We also had  found new heros like Jerome Bruner, and Seymour Pappert, (Mindstorms) a constructivist.  And low and behold, personal computers came on the scene and we began logo training in our elementary and middle schools.  Turtle graphics was the rage and constructivism had found a learning platform!  But that was just the beginning.

In the last forty five years I have seen the emergence of “new” learning theories and the accompanying debates about the efficacy of each. A reasonable grouping  of the major theories is; Behaviorism, Cognitivism, Constructivism, Social Constructivism and Connectivism.

Why talk about Learning Theory?  How does Learning Theory relate to learning design?

Instructional design and development must be based upon some theory of learning and/or cognition; effective design is possible only if the developer has developed reflexive awareness of the theoretical basis underlying the design.

In other words, the instructional design that we espouse is best delivered if what we do is willful and deliberate and flows from a knowledge of the tenets of these major learning theories.   It is sometimes called “Reflective Practice“. It is important to note that underlying each of these theories is a belief as to how we learn; the nature of the learner.

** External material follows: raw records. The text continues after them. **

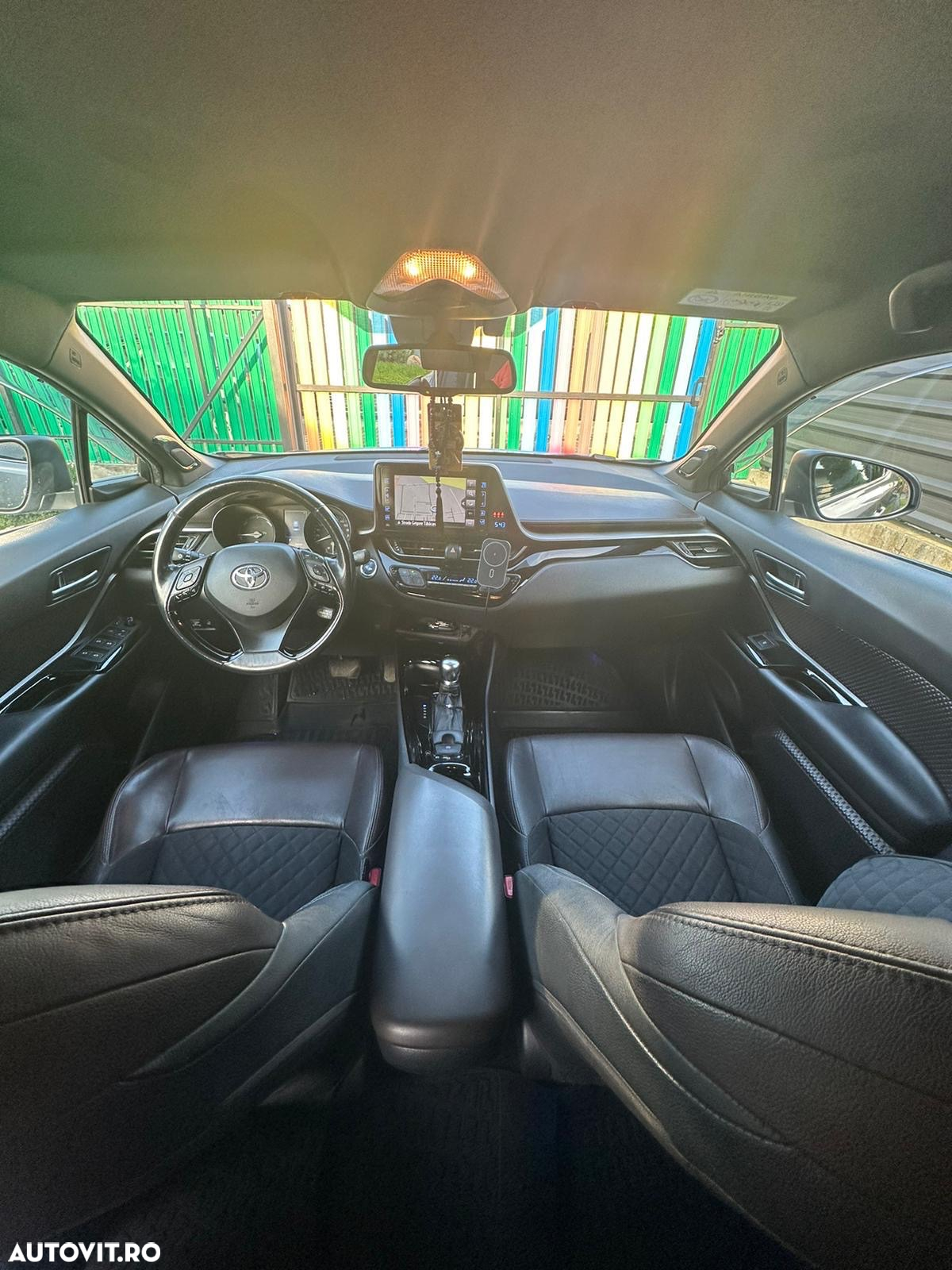 Toyota C-HR 1.8 HSD 4x2 CVT C-lassy LED - 5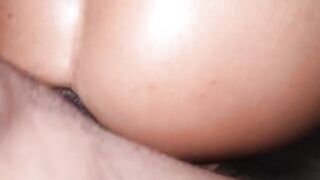 The queen of anal squirt gets her asshole gapped and soaked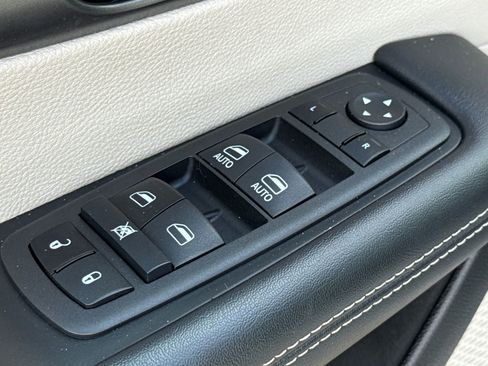 Used 2023 Chrysler Pacifica Touring-L FWD image 18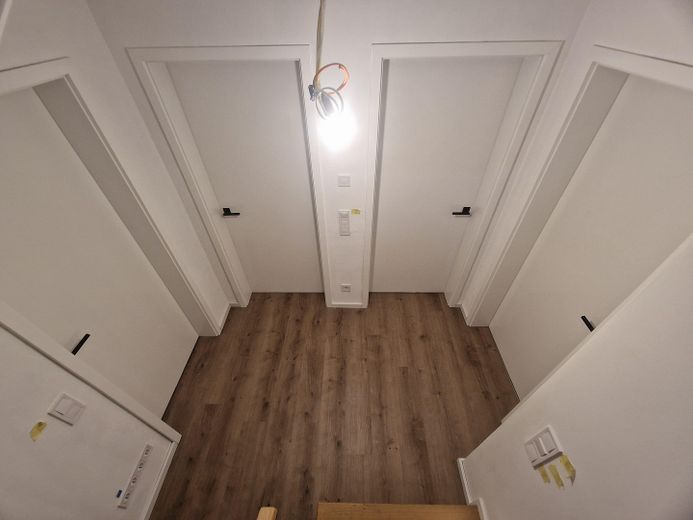 Erstbezug in Zepernick – Provisionsfreie KfW-40-EE Stadtvilla auf über 1.000 m² Grundstück – KG Flur Gast, Hobby, Büro, HWR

In future posts, we will look at the tug of war between cognitivists, constructivists and behavioralists. We will also address the question of each theories efficay, whether one can espouse more than one theory at a time, and if any pairs are mutually exclusive.  What do you think?  Is knowledge of learning theories a necessary but not sufficient condition in the kind of transformation in teaching and learning we are examining?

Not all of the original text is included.